In the international discussion on Pakistan´s many problems, the low-level conflict in its Balochistan province does not get much attention.
By Ann Wilkens
In the
international discussion on Pakistan´s many problems, the low-level conflict in
its Balochistan province does not get much attention. The issue of nuclear
arms, for instance, is considered more immediately frightening; Balochistan is
just the area where these arms are tested. But the province is also the arena
for a long-standing, complex and multi-faceted conflict, which, with every new
upturn, is becoming more intractable. Even in Pakistan itself, the situation in
Balochistan tends to be ‘crowded out’ by other dramatic events.
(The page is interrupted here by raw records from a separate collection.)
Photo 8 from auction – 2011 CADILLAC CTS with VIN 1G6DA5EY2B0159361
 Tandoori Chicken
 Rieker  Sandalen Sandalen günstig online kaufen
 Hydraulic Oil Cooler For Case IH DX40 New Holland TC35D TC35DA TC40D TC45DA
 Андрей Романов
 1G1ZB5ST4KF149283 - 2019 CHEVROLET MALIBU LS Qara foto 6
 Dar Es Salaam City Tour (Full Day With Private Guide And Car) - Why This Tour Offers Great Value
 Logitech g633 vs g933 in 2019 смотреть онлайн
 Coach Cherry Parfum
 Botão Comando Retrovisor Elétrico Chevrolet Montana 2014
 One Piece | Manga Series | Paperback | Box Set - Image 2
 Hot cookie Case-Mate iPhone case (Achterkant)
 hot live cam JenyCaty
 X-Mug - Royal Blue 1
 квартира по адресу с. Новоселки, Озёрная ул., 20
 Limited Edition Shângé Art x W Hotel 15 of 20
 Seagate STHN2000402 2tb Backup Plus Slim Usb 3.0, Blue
The lack of
media access to areas under military control is another cause for whatever goes
on in Balochistan to remain in the background. Yet, the province is crucial to
several infrastructural mega-projects, among them the huge investment programme
signed with the Chinese government in April 2015. These projects are regional
in nature – and so is the conflict in Balochistan. Ann Wilkens, member of AAN’s
Advisory Board, provides an overview of this complex issue and concludes that
political dialogue is urgently needed, if economic investment is to bring the
intended, regional uplift and, most importantly, bring peace to a
long-suffering population.
Image Attribute: qaisjamali.blog.com
The province, the people
With around 46 per cent of the total area, Balochistan is Pakistan´s
largest province, but it has the smallest population, representing around five
per cent of the country’s total. (1) This is not the only dichotomy. While, as
the name indicates, Balochistan is the home of the Baloch, there is also a
large Pashtun contingent, making up around 40 per cent of its population, and
the Pashtuns form the majority in the province´s capital, Quetta. Another
spill-over from Afghanistan, dating back to the rule of Abdul Rahman Khan in
the 1890s, is the Hazara community, who form the third largest ethnic group,
also with a strong presence in Quetta. Another ethnic group, normally included
in the Baloch but originating from Southern India, are the Brahui, whose
Dravidian language is spoken by a dwindling population mainly in central
Balochistan, notably in and around the former princely state of Kalat, the
historic centre of the Baloch quest for self-rule.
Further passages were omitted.